I want to figure out bit error rate for certain signal to noise ratio
Thus I have to know SNR value which is a function of energy per one
bit (Eb) and noise characteristic (N0)
Let’s assume I know noise characteristic, N0 (in fact I gathered noise
data and figured out N0)
For now, I have to figure out energy per one bit (Eb)
My system transmits 1 bit every 31.25ms (32kbps) and using RFX400
(100+mW output)
each bit has magnitude 32,767 or zero (amplitude shift keying) in the
GNU Radio scope plot
(I think 32,767 is the maximum value and it might have a voltage
value, 2 V. I hope it’s right)
In this situation, if bit has magnitude 32,767
what energy value each bit does have?
I have some difficulties on it.
On Mon, 2011-04-25 at 21:04 +0900, Songsong G. wrote:
GNU Radio scope plot
(I think 32,767 is the maximum value and it might have a voltage
value, 2 V. I hope it’s right)
In this situation, if bit has magnitude 32,767
what energy value each bit does have?
The USRP does not have a calibrated output or input and you will have to
calibrate it using a measuring receiver, calibrated signal generator, or
power meter in order to obtain meaningful results.
–n
On 25/04/2011 11:42 AM, Nick F. wrote:
The USRP does not have a calibrated output or input and you will have to
calibrate it using a measuring receiver, calibrated signal generator, or
power meter in order to obtain meaningful results.
–n
I don’t think precise values are really required here. The typical
Eb/N0 estimates are just that, estimates.
Let’s assume that those bits leave the transmitter at “full-power”

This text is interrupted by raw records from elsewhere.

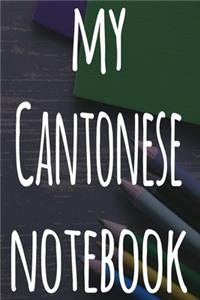 My Cantonese Notebook
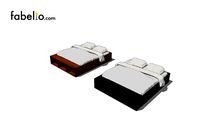 Lucca Storage King Bed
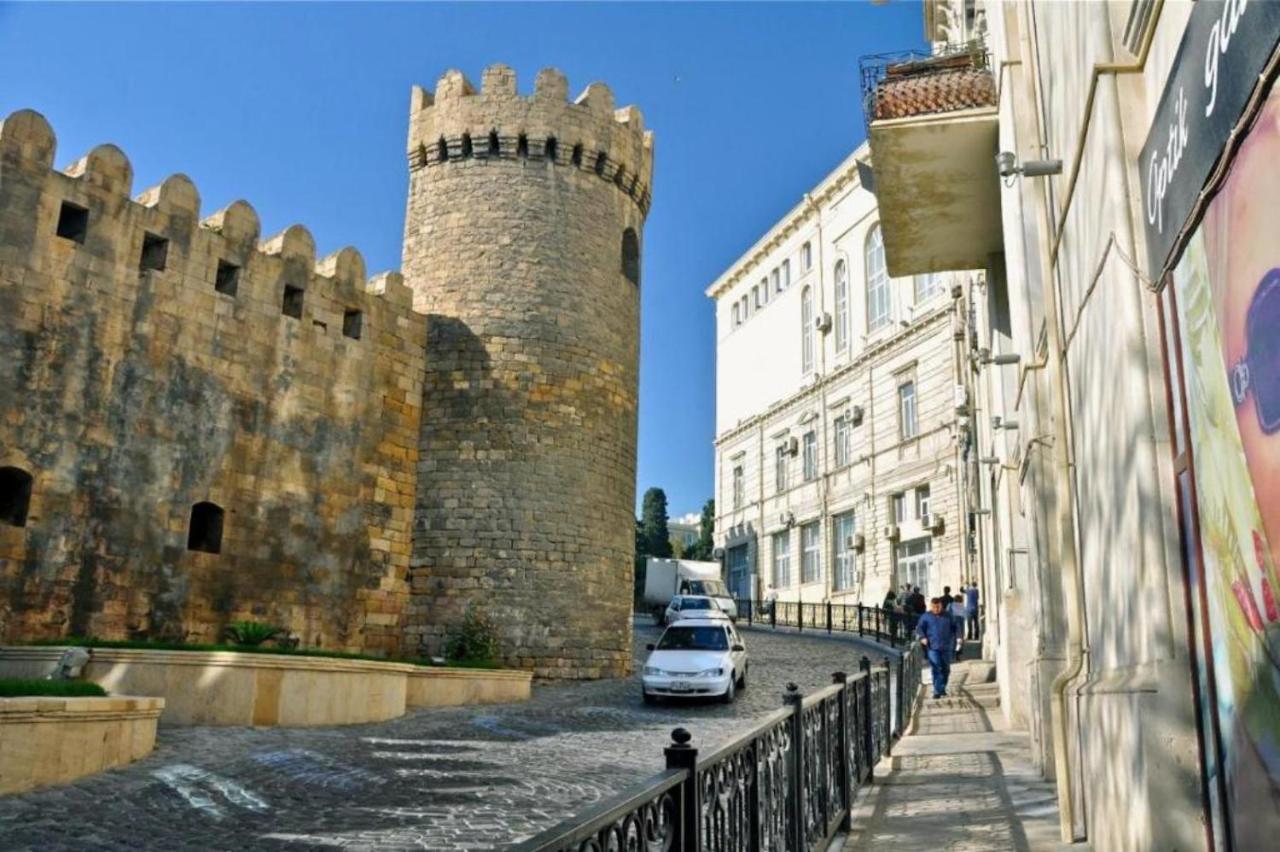 Sahil Park Hotel On Nizami Street Baku Exterior photo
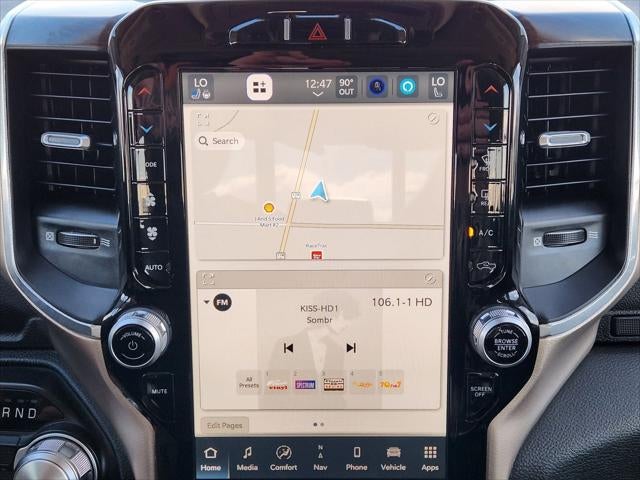 2022 RAM Ram 1500 Laramie Crew Cab 4x2 5'7' Box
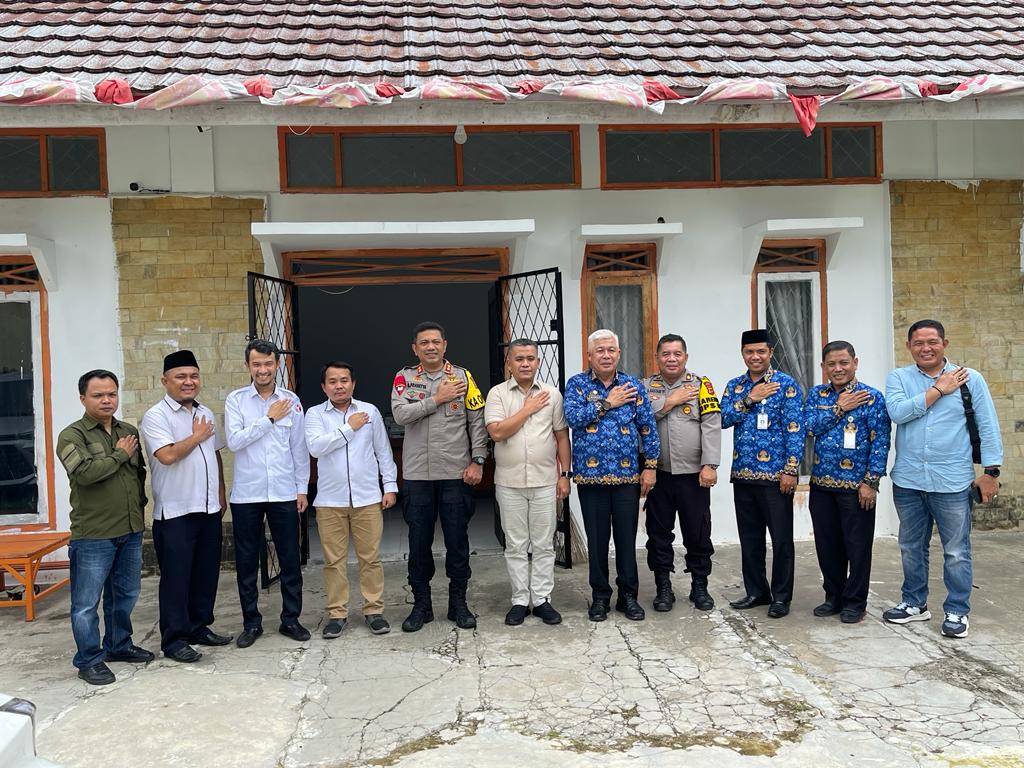 Sukseskan Pemilu Serentak 2024, Polres Sarolangun Siap Kawal Jalanya Pemilu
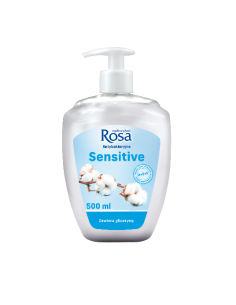 ROSA MYDŁO W PŁYNIE SENSITIVE 500 ML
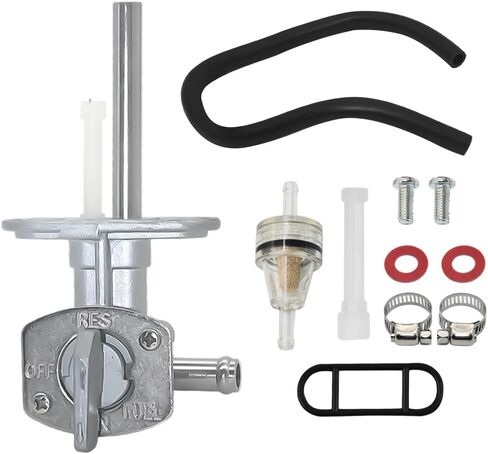 Fuel Valve Petcock 5LP-24500-01-00 Fits for Yamaha 660 660R YFM660 YFM660R 2001 2002 2003 2004 2005 in Saudi Arabia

(+20dBm), and radiate isotropically through free-space,
until they get to the receiver. At the receiver, the signal is
received against a locally-generated noise-background of some
magnitude. I think the noise figure of the RFX2400 is in the
neighbourhood of 5-6dB at maximum gain. A noise figure of 3dB
is equivalent to a noise power of -174dBm/Hz of bandwidth, so let’s
call the noise power at the receiver -170dBm/Hz to
make the math easier.
Now, what is the equivalent bandwidth of each bit? Let’s say it’s 10KHz
for argument’s sake. That means that the receiver
noise power over the bandwidth of a bit is -170dBm/Hz + 40dBHz =
-130dBm of noise power at the receiver over the bandwidth
occupied by our theoretical 10KHz bit.
The signal itself leaves the transmitter, and suffers free-space path
loss in a roughly inverse-cube law. Over a 1M path, that
signal suffers (assuming a perfectly-isotropic transmit antenna at
2.4GHz) a path loss of about 40dB, which brings the received signal
down to about -20dBm. So that -20dBm is set “against” a receiver
noise over the same bandwidth of -130dBm. The calculation of
the linear-units EB/N0 is left as an exercise for the reader.